А потом Петр предложил сделать три кущи. Нет, я помнил, что кущи не понадобятся, но сейчас, с Петром, тоже мечтал остаться здесь, продлить это время… Некстати подумалось, что кустарник растет ниже, и кущи сделать нам не из чего. Но прозвучал Глас с Небесе, и я уже ни о чем не думал, а только внимал, уткнувшись в локоть лицом. Шорох шагов… Я слышал, как стали подниматься с земли апостолы и, приоткрыв глаза, увидел Христа уже не в ризах блещащихся, а в простом, повседневном одеянии, медленно спускавшегося к нам.
И все закончилось. Я проснулся. И так мучительно тоскливо, что здесь есть машины и реклама, но Бог не ходит по земле между нами, и нет рядом ни одного апостола. Стекло уже не холодит, оно тоже стало горячим, как мой лоб. Словами Иисусовой молитвы я стараюсь раскрыть заклинившие створки моего сердца. Ведь Господь стоит и стучит. Там, вокруг холод и ненастье. А в сердце хоть и грязь и смрад греховный, но есть хоть малая теплота, хоть искорки огня, чтобы согреть моего Господа, Которому негде и главу приклонити. Но как впустить, как обогреть, когда створки проржавели эгоизмом? Как, Господи?!

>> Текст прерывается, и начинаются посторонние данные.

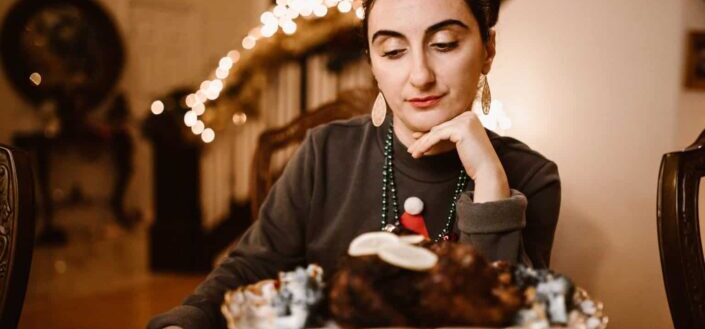 A woman wearing earrings sitting at table
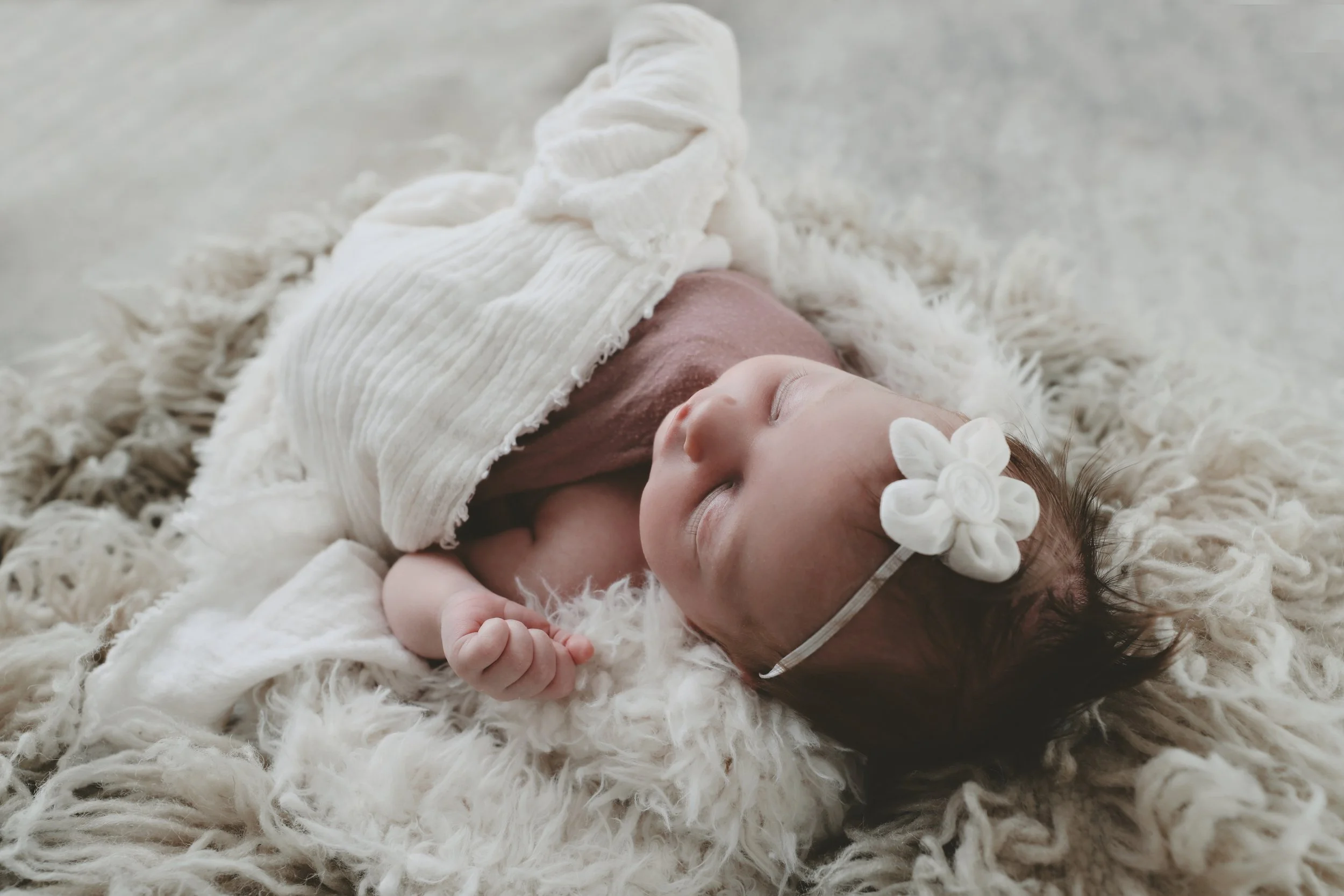 A sleeping baby girl lying on a fluffy white blanket, wearing a white headband with a fabric flower and swaddled in a soft blanket.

И как глоток свежего воздуха – далекий колокольный звон. Еще темно, мокро. Еще почти ночь, а монахини уже собираются в храме, чтобы молиться за утреней. И неважно, что за монастырской стеной город спит крепким предрассветным сном. Жених здесь обрящет бдящих. Тех, у кого сердца горят, наполненные елеем любви. Они не тухнут от влаги саможаления, как у меня.
А я? Я смотрю туда, где за высокими домами скрывается монастырь, и мысленно стою в уголке темного храма и слышу внутренним слухом тихое: «Слава в вышних Бо-о-о-о-гу и на земле мир, в человецех благоволе-е-е-ние». И чувствую, что без этого мира Христова не станет и самой Земли, а без благоволения Божия не жить человечеству.